From a distance, the three deminers all look the same – high boots, trousers with deep pockets, a special helmet, protective visor and gloves. Many locals in Nagorno Karabakh, a relatively traditional society, assume they are men. But these are women, and, like men, when they head into potential minefields, they are doing so to help their families survive.
“I’m doing it for my family, to provide my children with a safe and better future,” explains 38-year-old deminer Kristine Khachatryan, the married mother of three boys, ages six to 18.
For years after its conflict with Azerbaijani forces in the early 1990s, Nagorno Karabakh routinely posted 20 or more annual civilian casualties from landmines and unexploded ordnance. The Halo Trust, a British mine-clearing organization which has operated here for the last 18 years, now declares Karabakh is 90-percent mine-free, but the potential threat remains. Just this March, a mine explosion in the Martakert region took the lives of three deminers and wounded two deminers.

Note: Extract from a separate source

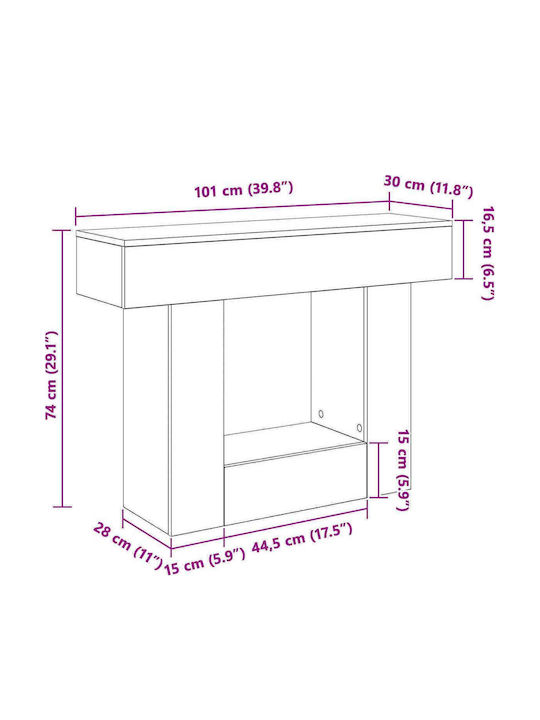 vidaXL Konsolentisch Aus Holzrauch Eiche M101xT30xH74cm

Taking on demining is no easy decision. But three years ago, when Halo Trust began to recruit its first women deminers, Khachatryan, a village-council accountant from Artashavi, 80 kilometers to the southwest of Karabakh’s main town, Stepanakert, decided to apply.
She did so “out of curiosity” – in 2013, two mine explosions near Artashavi had wounded several locals -- but also out of financial necessity. Khachatryan’s husband, Garik Ohanjanyan, a former school teacher, was unemployed. Work as a deminer, which pays 225,000 drams (about $464) a month and comes with insurance, roughly quadrupled her income.
Once certified, though, she did not expect to stay on the job for long. She accepted the post since the first demining field was close to Artashavi, within easy reach of her family.
“Of course, I was worried in the beginning,” she recounts, “but later I understood that there is no bad work. There are just bad people. And now I’m proud that I’m doing a big and important humanitarian job.”